RECORDED INFORMATION

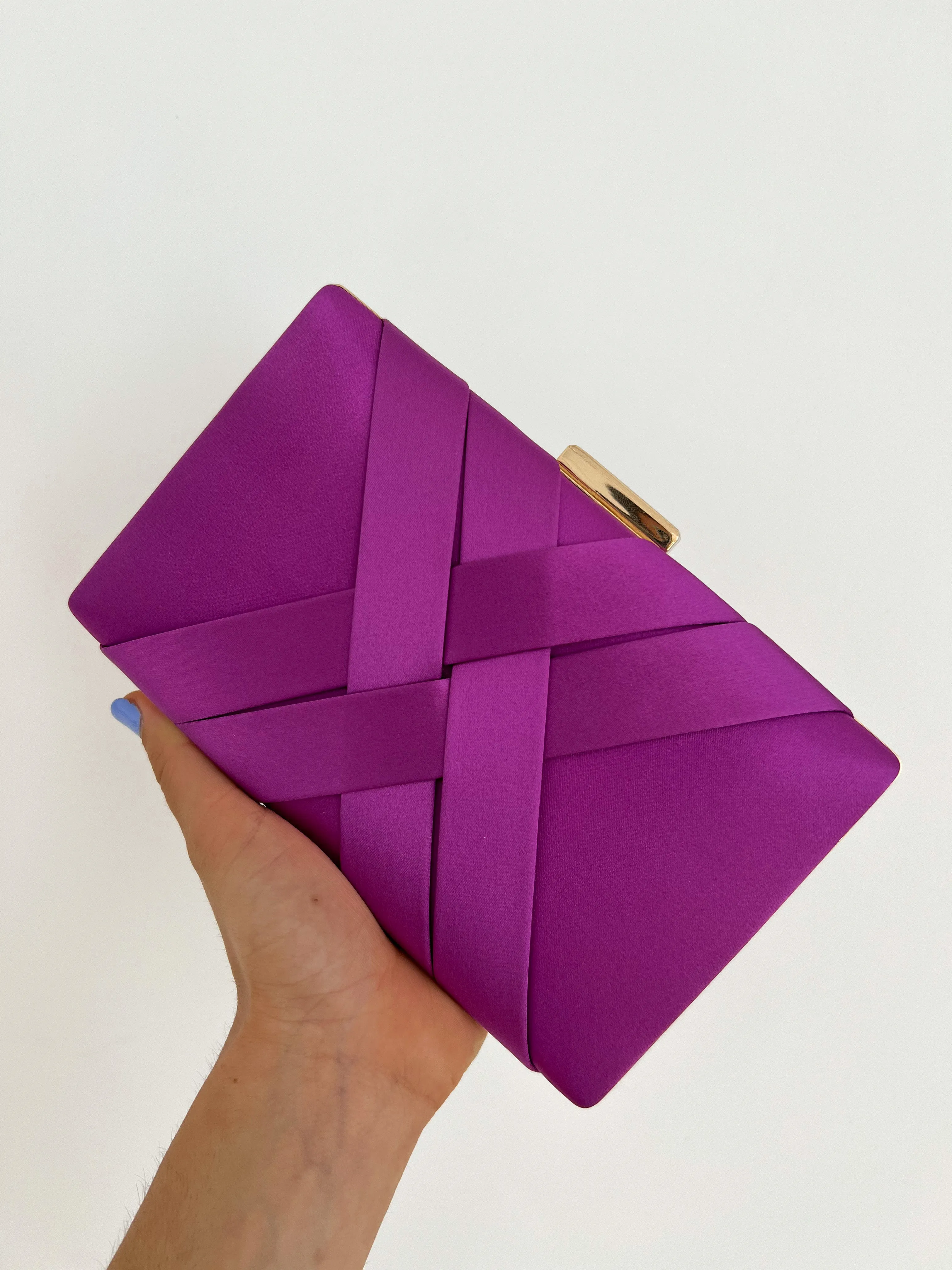 Clutch satinado morado sold by Sorellas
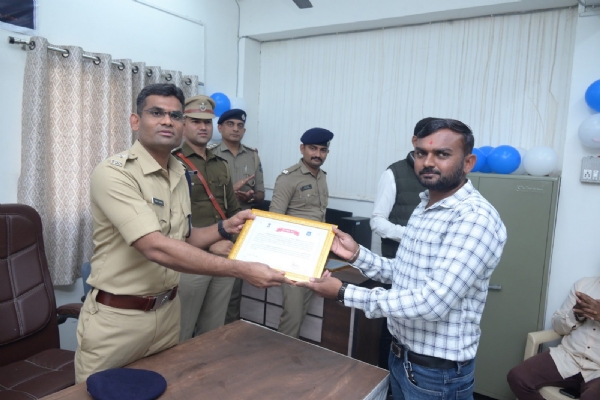 સરપંચો સાથે બેઠક: ગામોમાં સીસીટીવી કેમેરા સ્થાપન અંગે સંવાદ, દાતાઓનું સન્માન સરપંચો સાથે બેઠક: ગામોમાં સીસીટીવી કેમેરા સ્થાપન અંગે સંવાદ, દાતાઓનું સન્માન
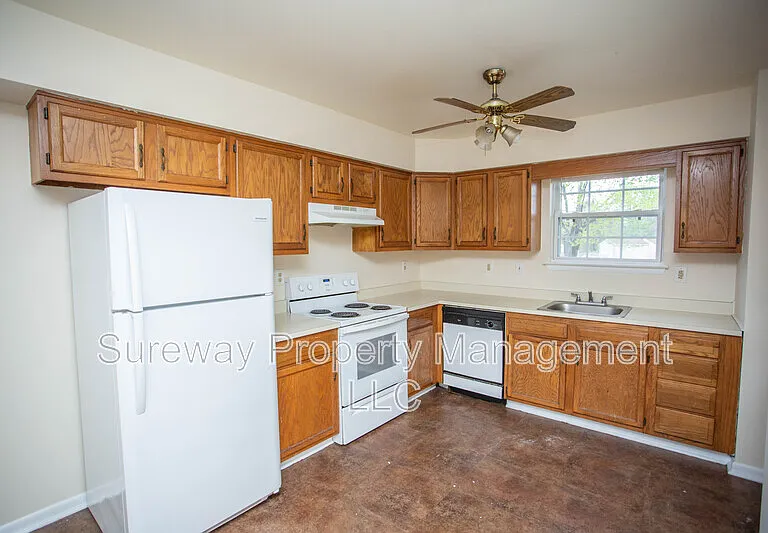 5729 Irving Ave — Photo 9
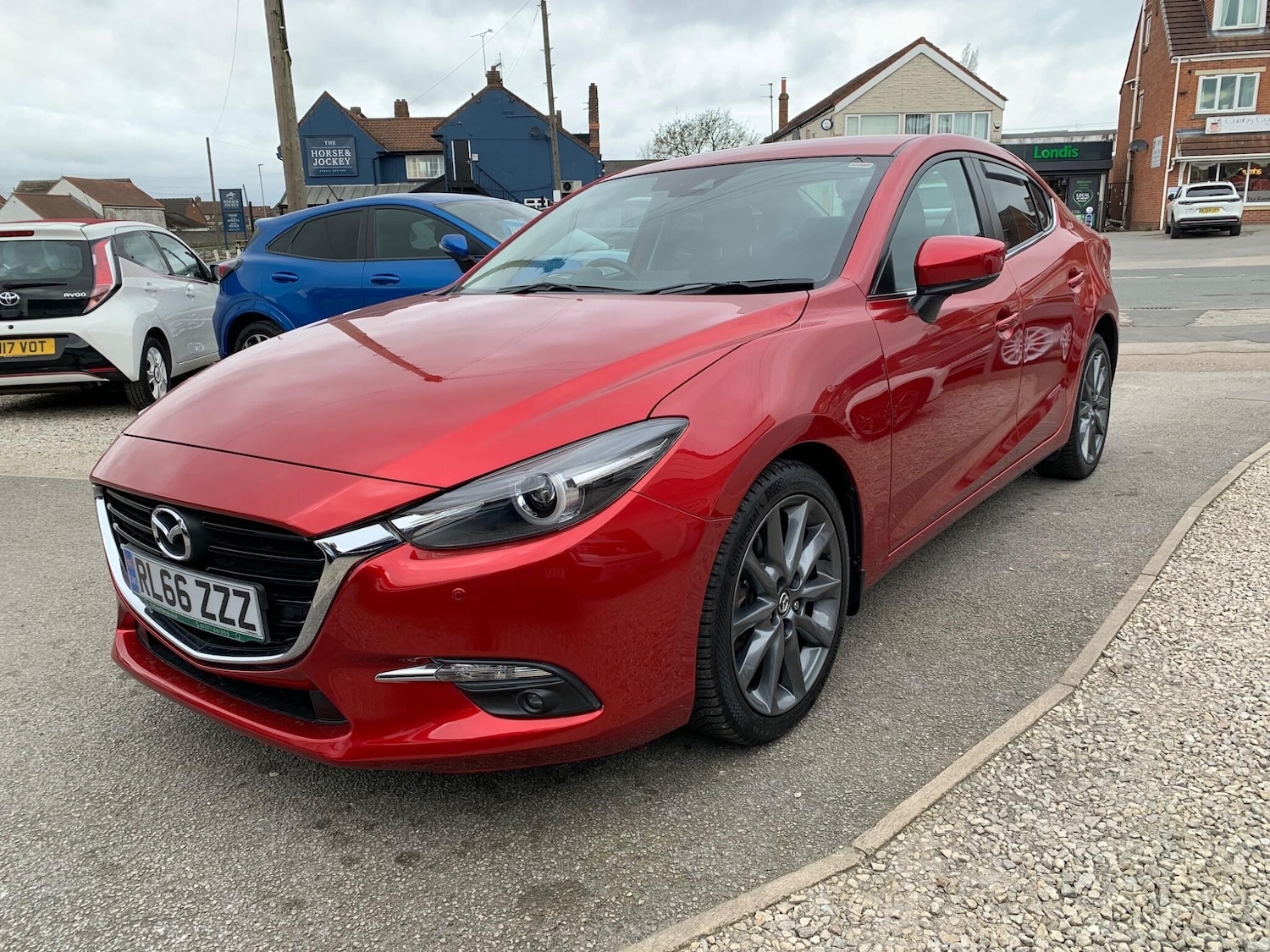 Used Mazda Mazda3 2016 for sale - 78008675: Photo 2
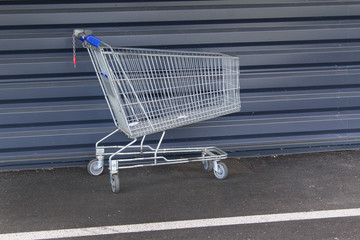 empty shopping cart on the nobody street 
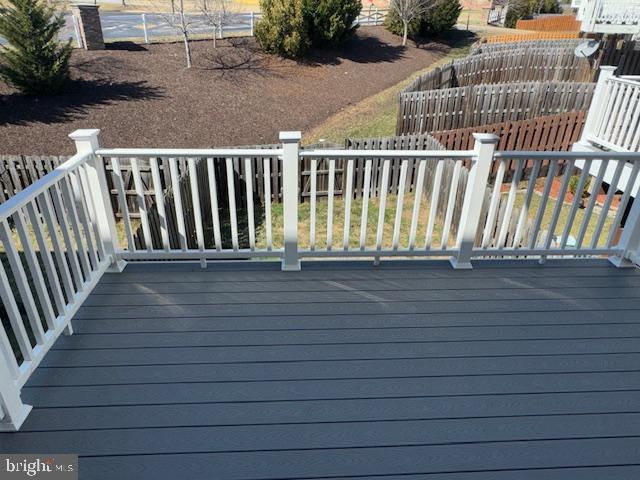 LAKESIDE - Residential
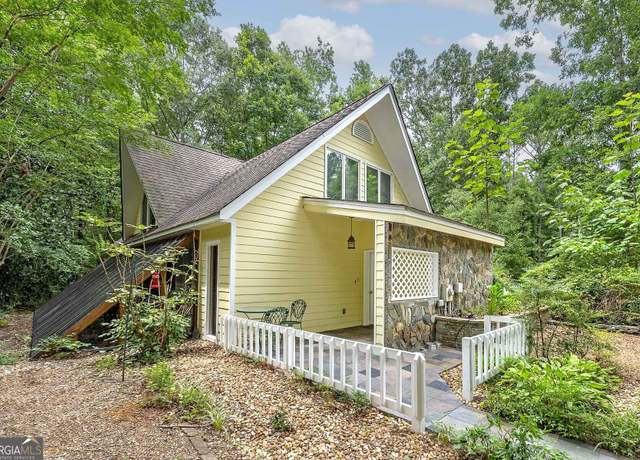 Property at 731 Airline Rd, Mcdonough, GA 30252, 3 beds, 2.5 baths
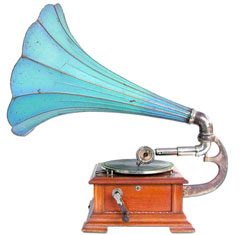 Die L&auml;nge des Trichters betr&auml;gt 70 cm / The lenght of the horn measures 28"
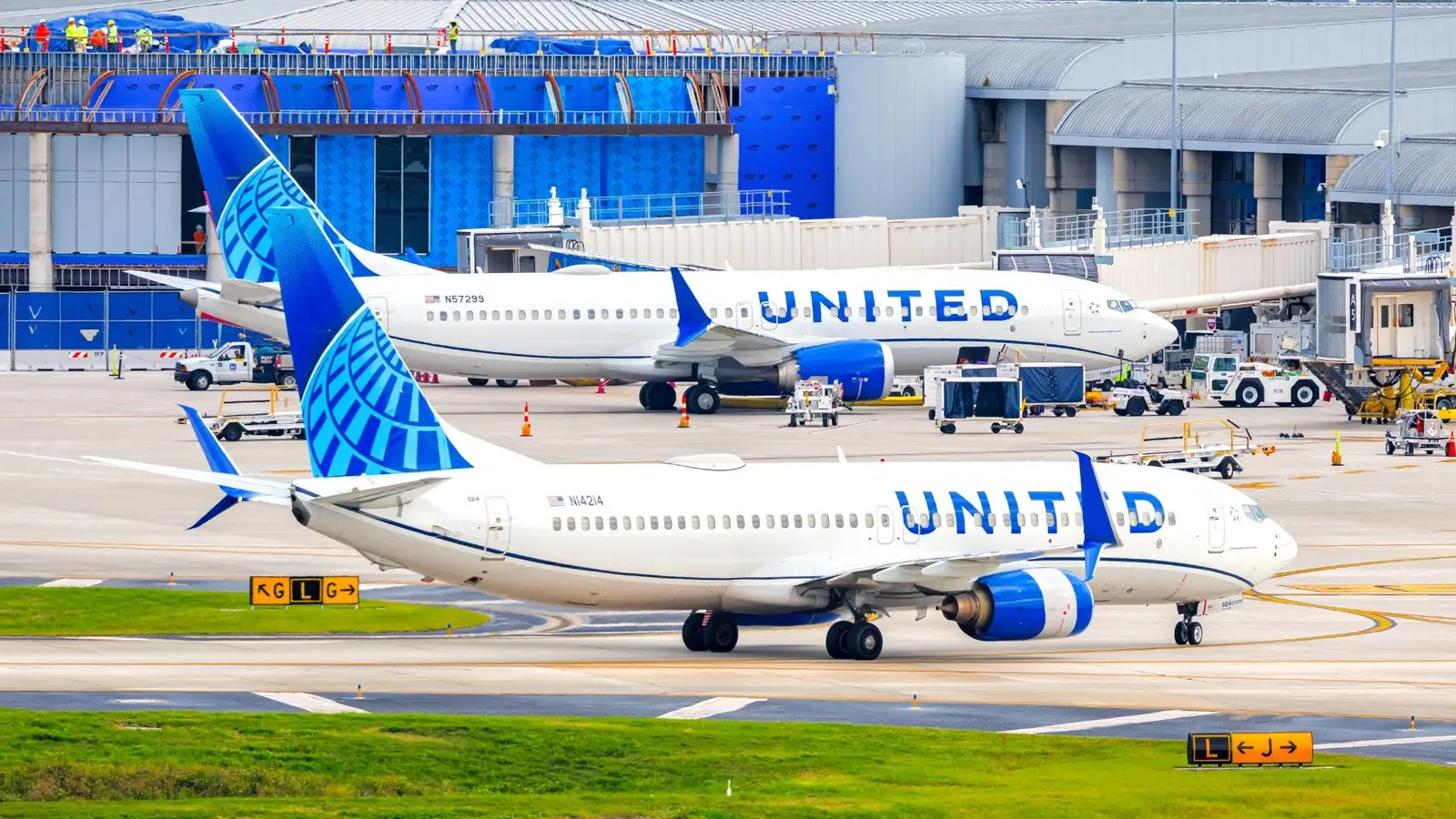 United Airlines Extends Passport Requirement to Domestic Crew Flights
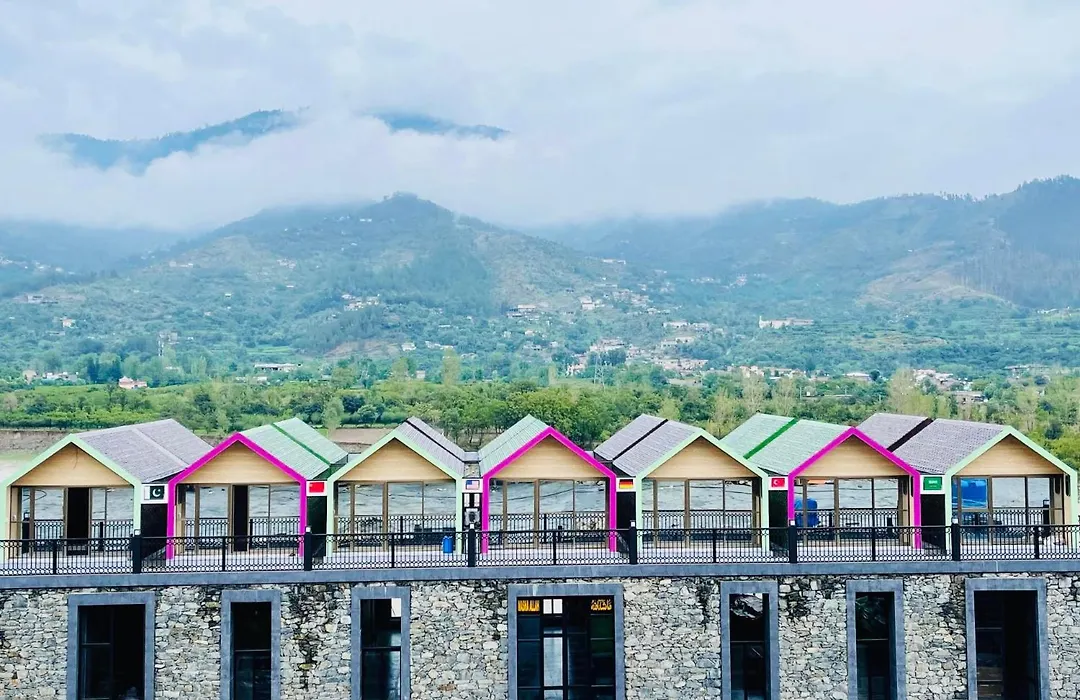 Iyi Luxury Inn Swat-1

EXERCISE GOAL
Would you copy all the material exactly, dropping the pictures?

REPLY
 Clutch satinado morado sold by Sorellas
 સરપંચો સાથે બેઠક: ગામોમાં સીસીટીવી કેમેરા સ્થાપન અંગે સંવાદ, દાતાઓનું સન્માન સરપંચો સાથે બેઠક: ગામોમાં સીસીટીવી કેમેરા સ્થાપન અંગે સંવાદ, દાતાઓનું સન્માન
 5729 Irving Ave — Photo 9
 Used Mazda Mazda3 2016 for sale - 78008675: Photo 2
 empty shopping cart on the nobody street 
 LAKESIDE - Residential
 Property at 731 Airline Rd, Mcdonough, GA 30252, 3 beds, 2.5 baths
 Die L&auml;nge des Trichters betr&auml;gt 70 cm / The lenght of the horn measures 28"
 United Airlines Extends Passport Requirement to Domestic Crew Flights
 Iyi Luxury Inn Swat-1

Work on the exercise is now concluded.